At noon. Or dusk, or dawn, or midnight. Significant moments during the daily cycle represent moments of balance (for noon or midnight) or transition (for dusk or dawn), forming a firm foundation for ritual.

Up high. Or down low. Peaks, cliffs, caves, and pits all represent isolation from the everyday world—whether by lifting above all else or by surrounding with walls of stone—which cuts the practitioner off from the norm and opens the way to further ritual.

In a holy place. This might seem self-explanatory, but isn’t always suitable for all mediums. Not only can such a place be tricky to find, but many mediums also report feeling like they generate “interference.” Those who can use them effectively generally prefer the area around a spirit’s idol or a long-established temple, though the latter is extremely rare on a colony.

High Technology

Each character can have at most one stunt representing a piece of “space opera” technology, above and beyond the capabilities of 21st-century science. Characters can cobble together jerry-rigged high-tech devices using create advantage with Craft or Science, or borrow or lease them with Contacts or Resources. A stunt gives permanent access and ownership, and guarantees reliability.

In the interest of maintaining tone and a sense of place, there are some limits on what high technology can do:

  • No self-reproducing or self-repairing machines. High technology is limited because it’s beyond the colonists’ ability to construct and difficult to maintain. Devices that can copy or maintain themselves would be essentially unlimited in their availability.
  • No matter-energy converters or replicators. The settlement effort is driven by the need to grow food, exploit resources, and establish an industrial base. Being able to create material or food out of thin air sabotages these drives.
  • No modern communication. Telecommunications infrastructure is slow, unreliable, and inconvenient. Most communities are dependent on a handful of overburdened satellites. Characters cannot have portable devices that permit real-time video or voice communication or remote information access from anywhere on the planet. Telecommunications devices must be local, stationary, or asynchronous—something that lets you leave a message rather than chatting, in essence.
  • No teleportation. Beaming people or objects around trivializes any kind of travel or logistical obstacle. It’s a little bit too clean, and undercuts the local concerns and scale of the game. Teleporters might be a thing elsewhere, or they might not. Either way, they’re not viable on a new colony world.

Write a stunt describing how your high technology helps you exercise your skills. Often this gives you a rules exception or a new action for a skill, but it could be a bonus. Your technology isn’t a panacea, though—it can only be used in certain situations.

Your gear has an aspect as well, which can be invoked or compelled based on its normal function and limitations.
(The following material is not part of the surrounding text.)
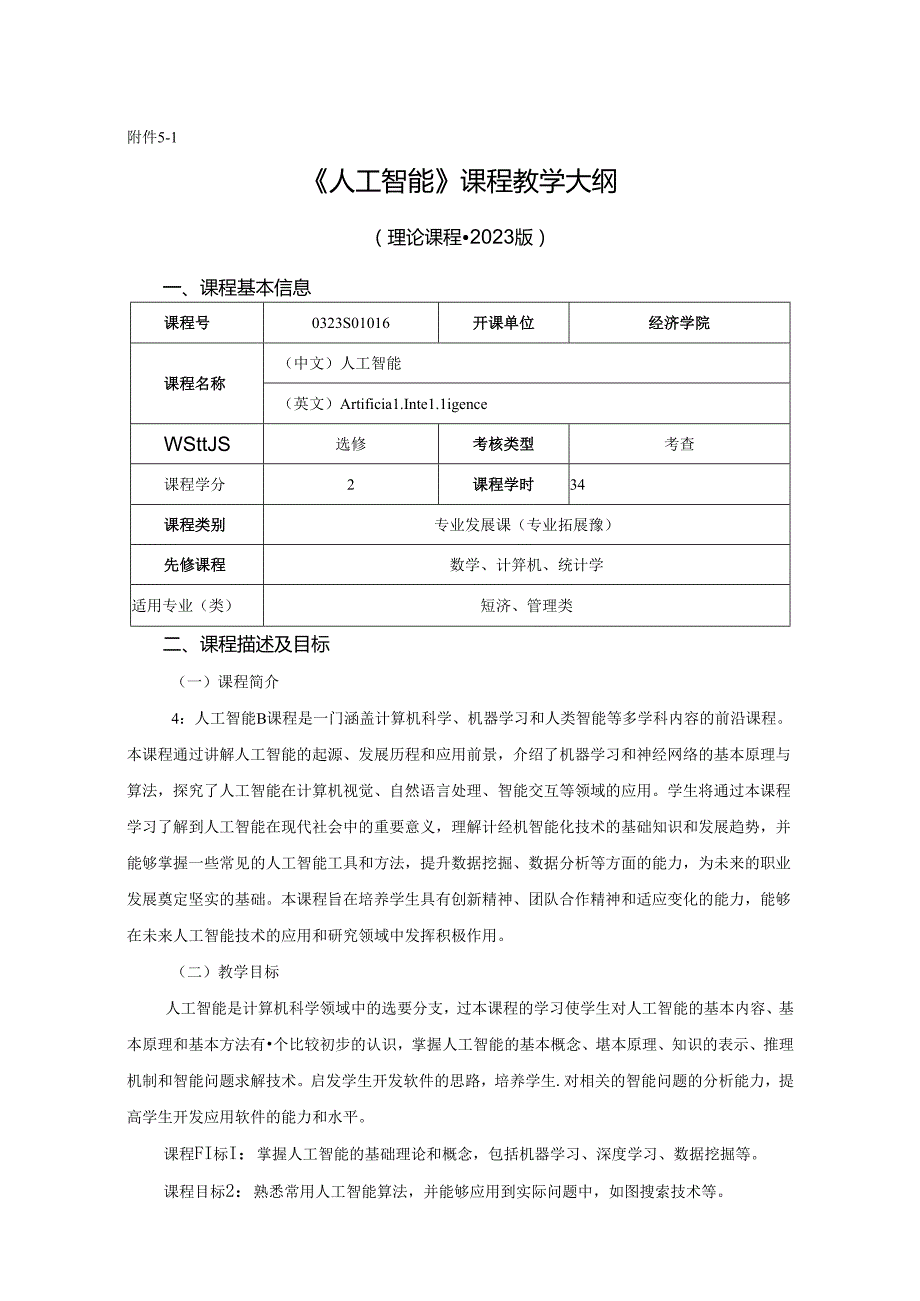 0323S01016-人工智能--2023版人才培养方案教学大纲.docx_第1页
You can give this aspect the same name as the stunt or embellish it a bit.

Examples of High Technology Stunts

Ray Gun: Using your ray gun, you get +2 to Shoot attacks against targets at least one zone away.

Sonic Excavator: Using your sonic excavator, you can carve a path through inanimate material with Science.
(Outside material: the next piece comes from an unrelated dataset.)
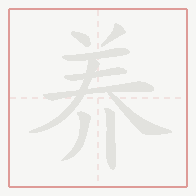 Step-by-step stroke order for 养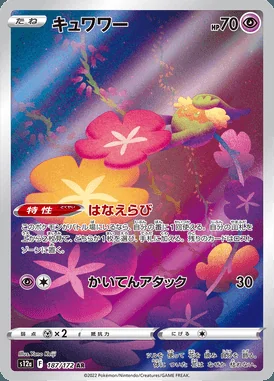 Comfey card image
Aircar: Using your aircar, you can fly very quickly at tree-top height. You can transport up to four other people and a small amount of cargo, but can’t fly with anything really heavy.

Autodoc: When using your autodoc to treat wounds or disease with Science, once per session you can improve the outcome by one step: failure to tie, tie to success, or success to success with style. If you initially succeeded with style, you can create an aspect with one free invocation instead of gaining a boost.

Handheld Expert System: Once per session, you can use your handheld expert system to automatically succeed on creating an advantage with Science against passive opposition equal to or less than your Science rank.